Certain extreme weather events can already be attributed to climate change, according to the report, including several deadly heat waves and the current California drought.
On Reddit this morning, some brainiacs from the Lancet Commission on Public Health and Climate answered some environmental/climate change questions, and this reply to resignation on the final impact of global warming:
So I responded to someone else here about that: overcoming climate fatalism is an interesting issue, as usually we focus on getting people to understand, but these people feel that they understand too much and are discouraged.
The big thing to remember is that we are not “doomed.”
We have so many solutions available, and translating that worry into action is important.
Everyone cries optimism — yeah, there’s ‘many solutions‘ to a rapidly-deteriorating environment worldwide, but can mankind pull it off? These guys are responding on climate — even climate change itself is exacerbated by other factors, too. And the big, big concern, ‘…translating that worry into action is important,’ and should be humanity’s only goal right now.

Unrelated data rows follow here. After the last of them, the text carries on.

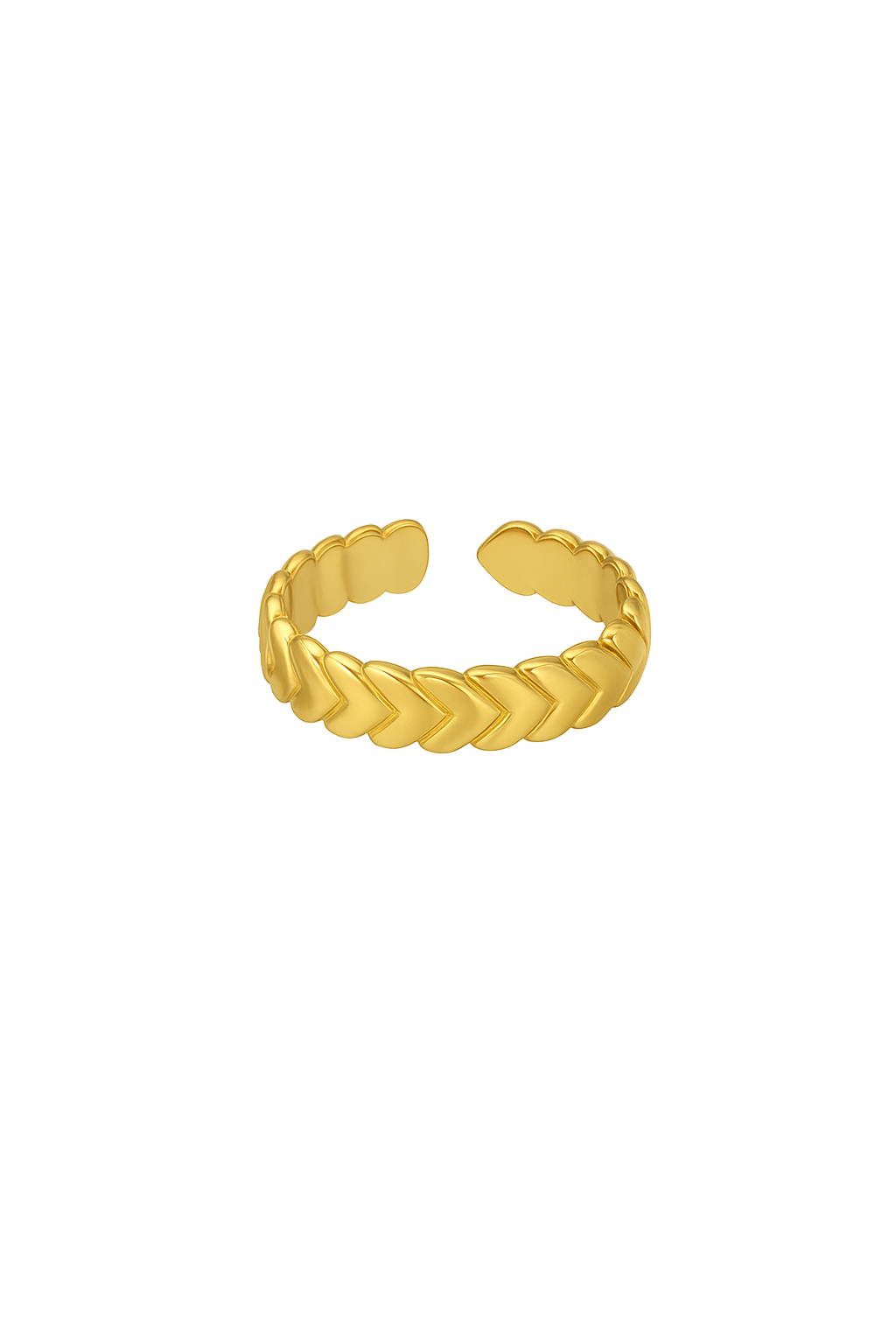 HEARTS RING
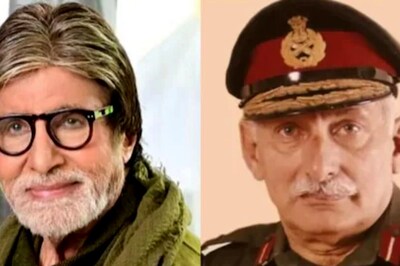 What Field Marshal Sam Bahadur Once Said About Amitabh Bachchan, His School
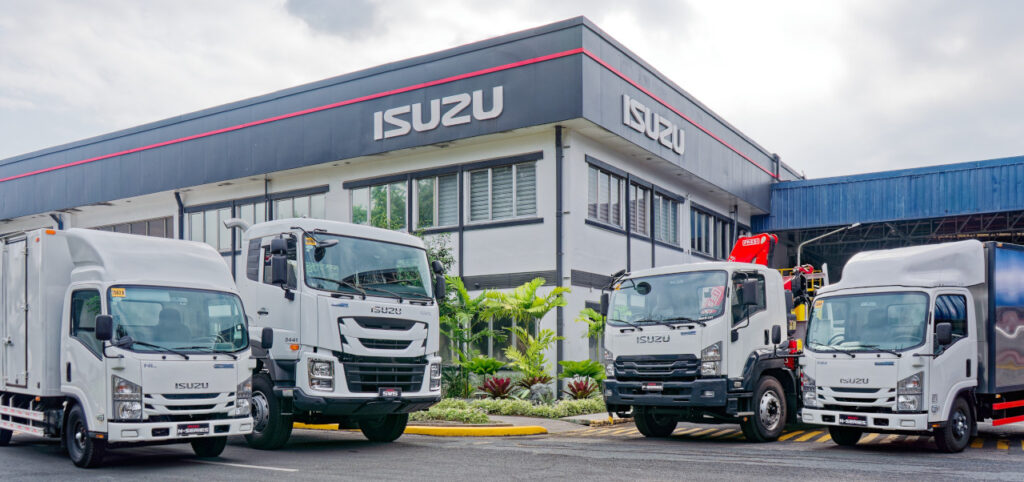 2026 Jan 27 1200 pm ISUZU 2 TNPH
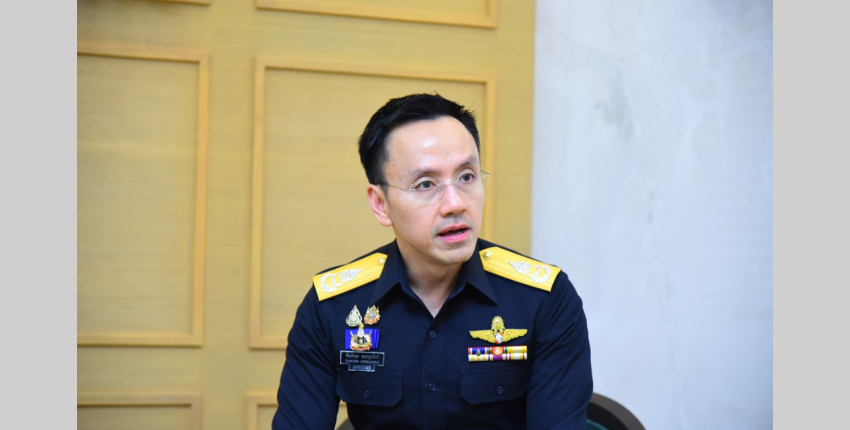 อธิบดีฯ ให้สัมภาษณ์กับหนังสือพิมพ์บางกอกโพสต์ และทันหุ้น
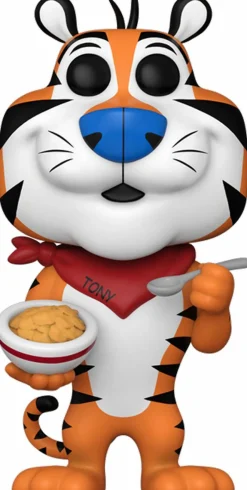 Ad Icons: Kellogg's Frosted Flakes - Tony the Tiger '84 Pop! Vinyl Figure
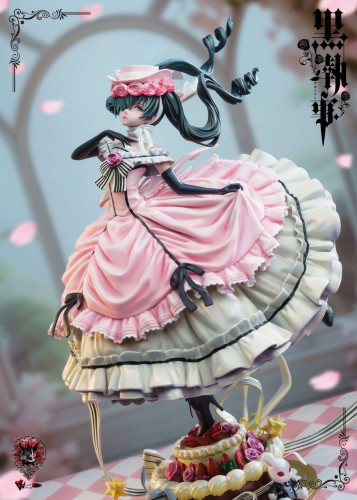 【Pre-order】Weare A Design Studio 1/5 Scale Ciel Phantomhive Resin Statue
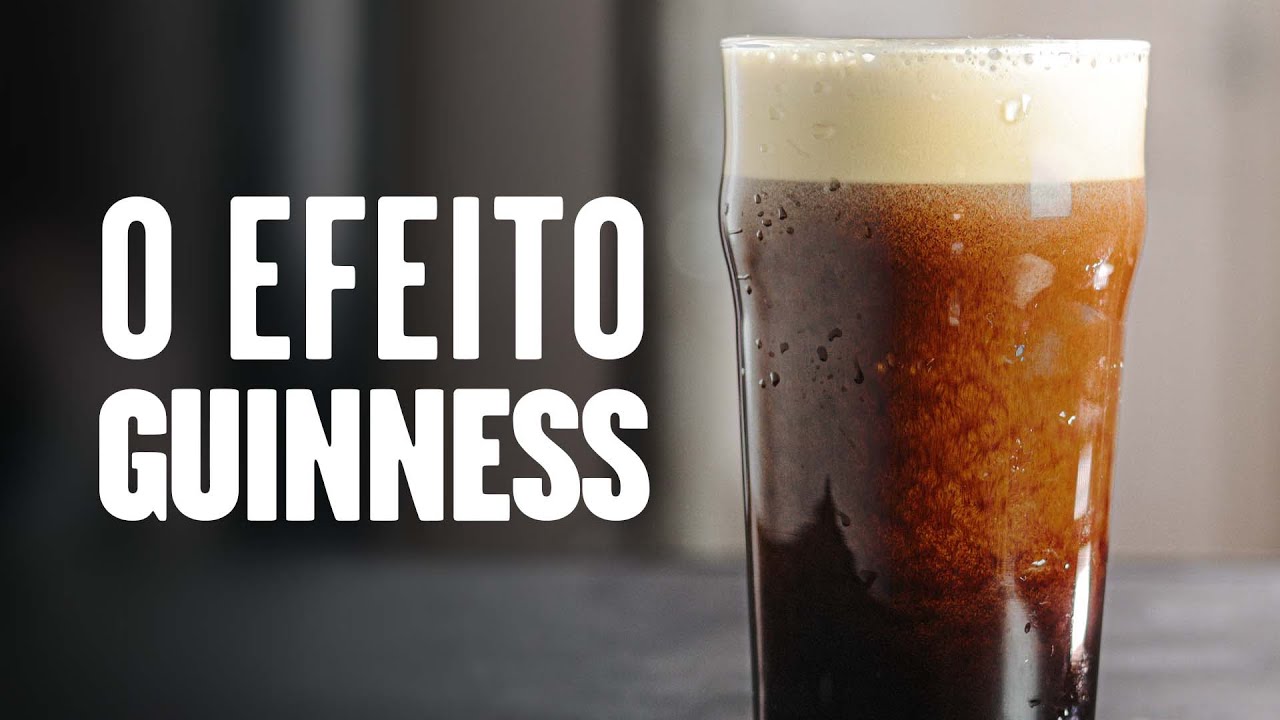 Faça uma Cerveja como a Guinness em Casa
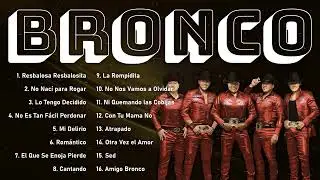 Si Creías Que Conocías Todo de Bronco, Escucha Estos Temazos Ocultos 🐎✨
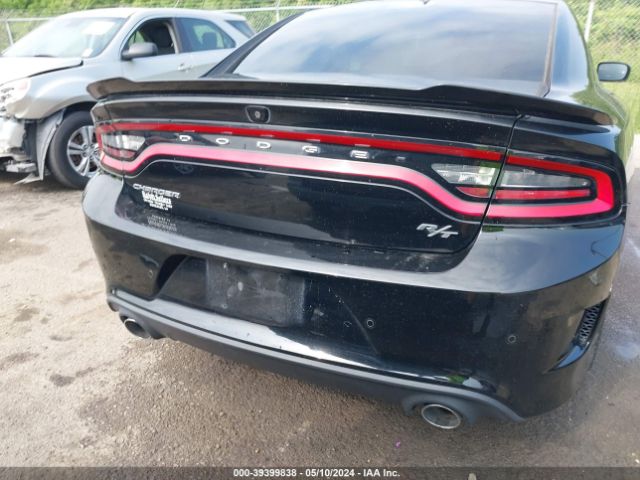 2C3CDXCT3MH603966 Dodge Charger R/t Rwd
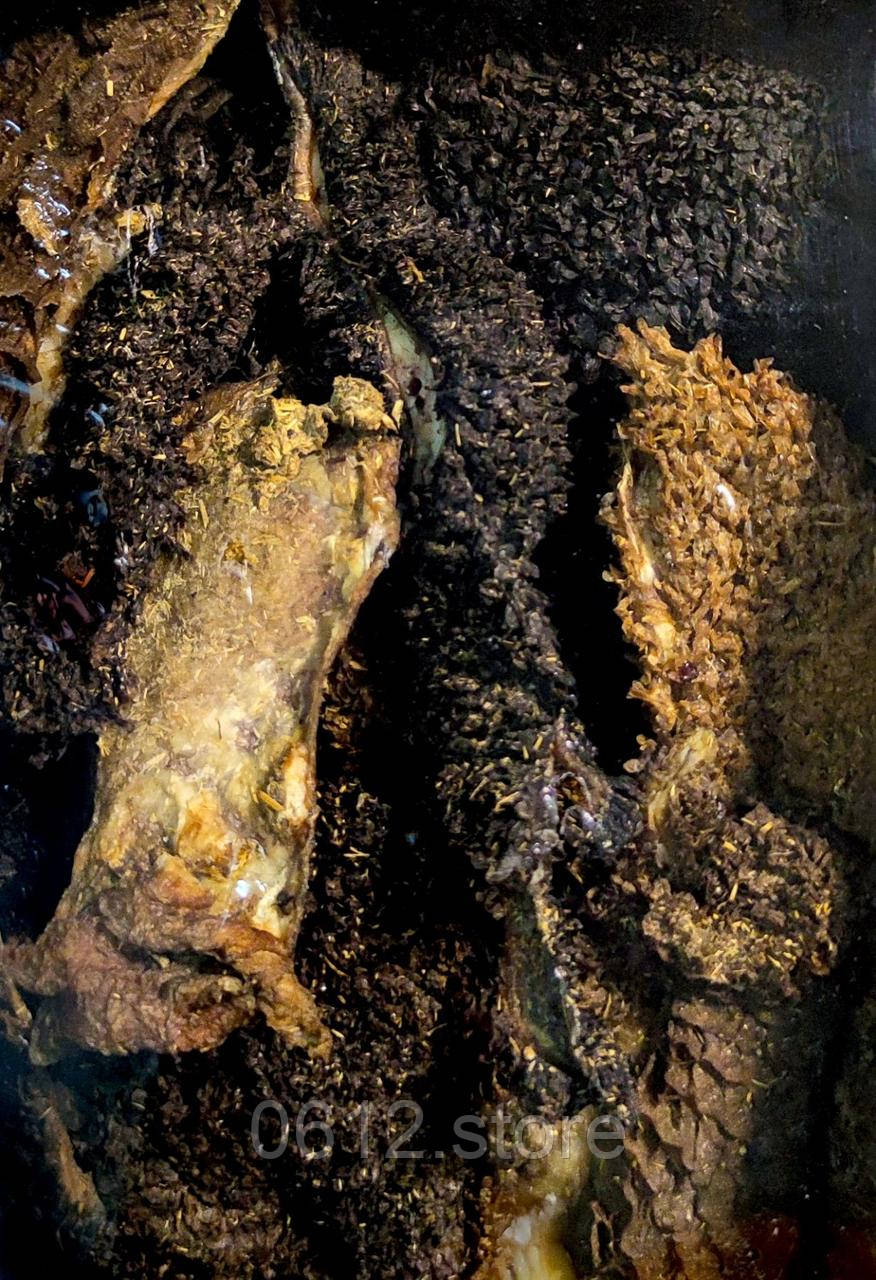 Яловичий рубець ТМ ''Grizly'', 0,5 кг, фото 1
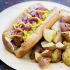 Homemade Veggie Dogs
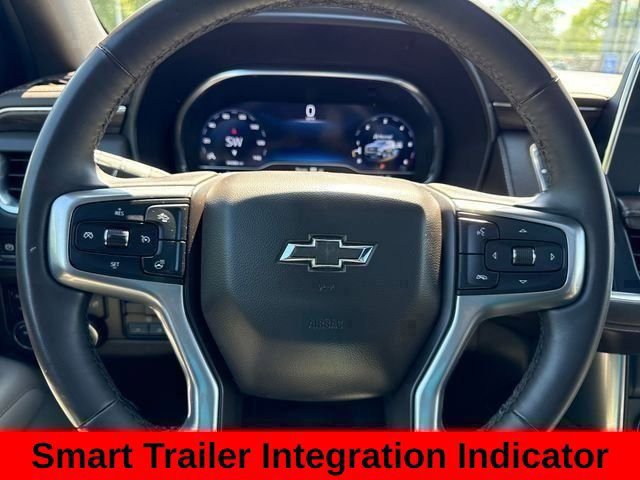 Used 2024 Chevrolet Suburban Z71 w/ Luxury Package AWD/4WD image 69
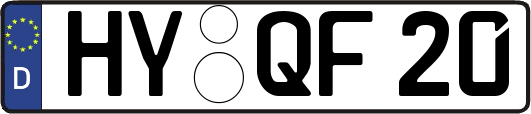 HY-QF20
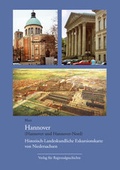 Cover: Historisch-Landeskundliche Exkursionskarte von Niedersachsen / Blatt Hannover - Aschendorff
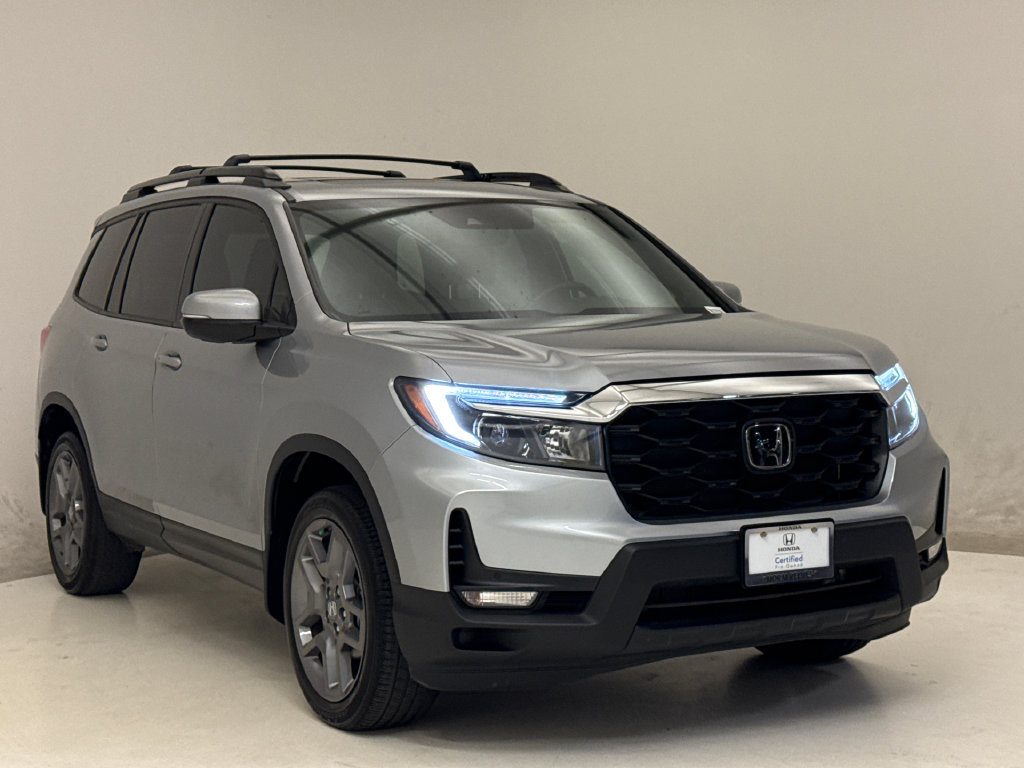 Used 2023 Honda Passport EX-L image 4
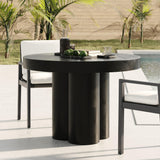 Modrest Bruni Modern Dining Table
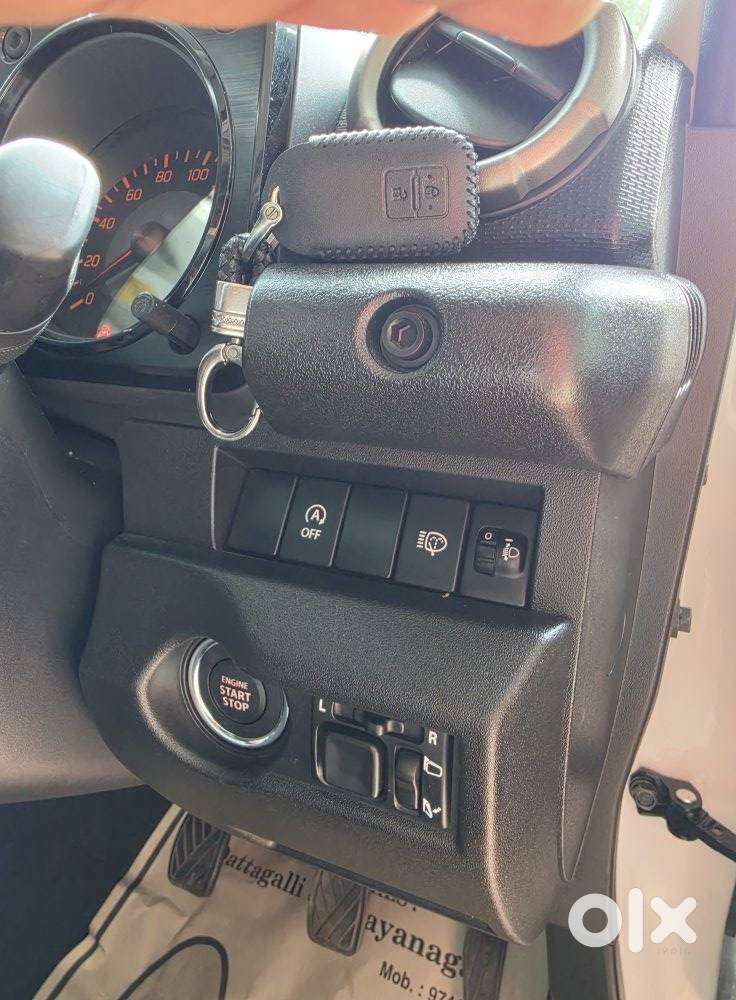 Maruti Suzuki Jimny Alpha Mt, 2024, Petrol
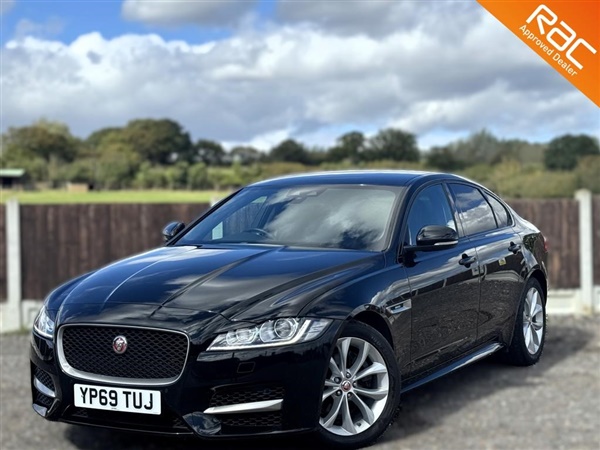Large image for the Used Jaguar XF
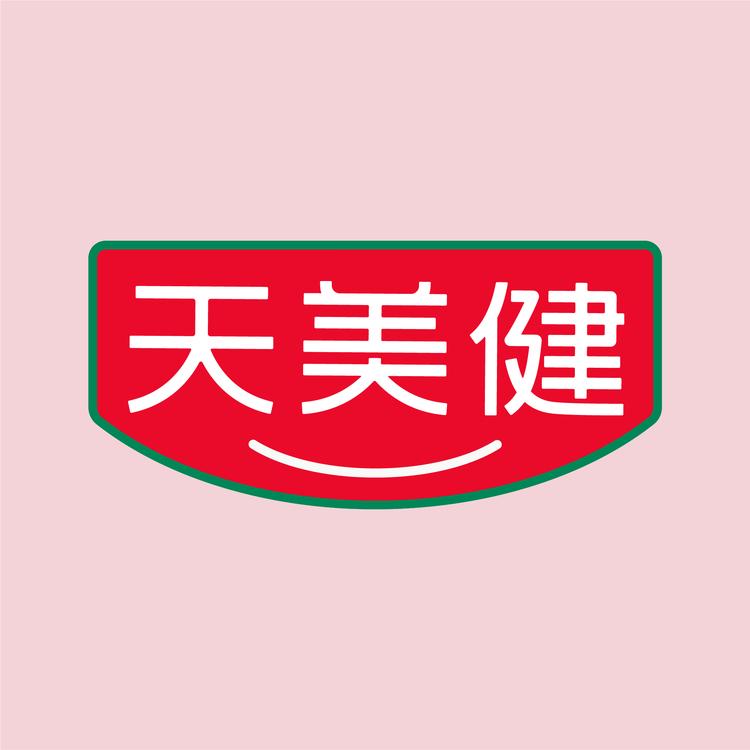 TMG/天美健品牌Logo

Get a handle on our climate, then we can go back to hating and killing one another full-steam.
The Reddit Q&A was way-interesting, but no revelations or disclosures about anything — more for people who haven’t been keeping up with the subject.
Problem be, however, the shit get’s worse nearly by the day — now about every week or so, some new report on some just recognized piece of evidence. Just in the past two weeks…
From Climate Progress:
But a new study, published in Nature Climate Change, argues that shortcomings in the understanding of how climate change and atmospheric circulation interact shouldn’t stop us from asking a different question: did climate change play a part in worsening the weather event, even if it would have occurred without climate change?
The answer is yes…similar to salt on an open wound.
And from EurekAlert
A new study by physical oceanographers at Woods Hole Oceanographic Institution (WHOI), published in the Journal of Geophysical Research, shows that water temperatures in this continental shelf region have been trending upward, with unprecedented warming occurring over the last 13 years.
The study also suggests a connection between sea level anomalies and water temperature along the continental shelf.